Crypto exchange Coinbase receives full Singapore licence
SINGAPORE – The largest cryptocurrency exchange in the United States, Coinbase, has received a full Singapore licence to offer more digital asset payment services here.
The granting of the full major payment institution licence under the Payment Services Act comes about a year after the firm received an in-principle approval from the Monetary Authority of Singapore (MAS). It joins more than a dozen firms which are licensed to offer digital payment token services in the Republic.
In a statement on Monday, the firm said the full licence allows it to offer enhanced services to both individuals and institutions.
Currently, it provides trading and staking services. Staking is the process where users’ digital tokens are locked up for a certain period to validate transactions on the blockchain, earning them more tokens as a reward.
Mr Hassan Ahmed, the country director of Coinbase Singapore, previously told The Straits Times that the Singapore team comprises “close to 100 people”, including product managers, engineers, business development, compliance and legal.
In the statement on Monday, he said Singapore’s progressive stance towards crypto and its robust Web3 ecosystem with more than 700 Web3 companies makes it a natural fit for the company.
Mr Ahmed added that the firm’s survey in May indicates that 25 per cent of surveyed Singaporeans view crypto as the future of finance, and 32 per cent have or have had some form of crypto asset ownership.
The exchange said it introduced earlier this year convenient funding options – including PayNow and FAST bank transfers – alongside the SingPass onboarding system, in response to local demand.
Its Asia Pacific technology hub is located in Singapore, and it has invested in over 15 Web3 start-ups based here through its investment arm Coinbase Ventures.

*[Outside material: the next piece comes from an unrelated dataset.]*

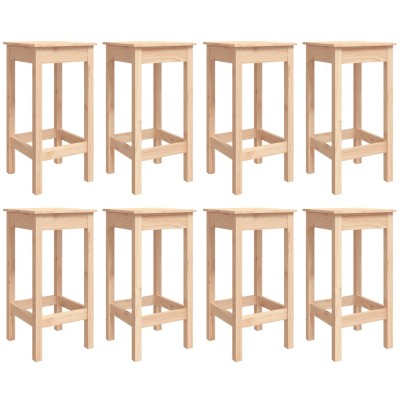 Mesa y taburetes altos jardín 9 piezas madera maciza de pino Mesa y taburetes altos jardín 9 piezas madera maciza de pino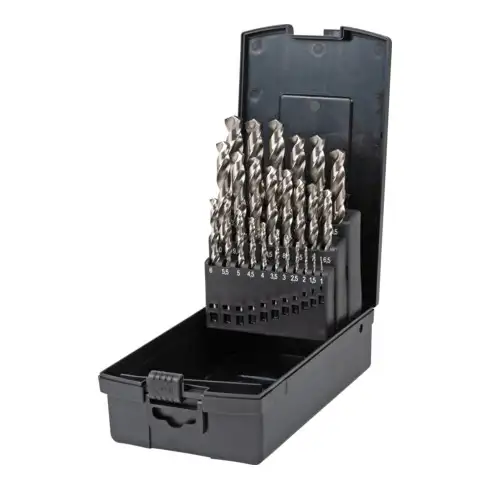 Jeu de 25 forets hélicoïdaux STIER Standard DIN 338 HSS-G 1-13mm en coffret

In August, Coinbase announced in filings that its second-quarter loss narrowed and revenue exceeded estimates.
Its Q2 net loss – the sixth straight quarterly loss – was down to US$97 million (S$130 million) from a record US$1.1 billion a year earlier.
Revenue in Q2 declined 12 per cent to US$707.9 million, beating the estimate of US$631.2 million.
Even so, the shares have more than doubled in 2023.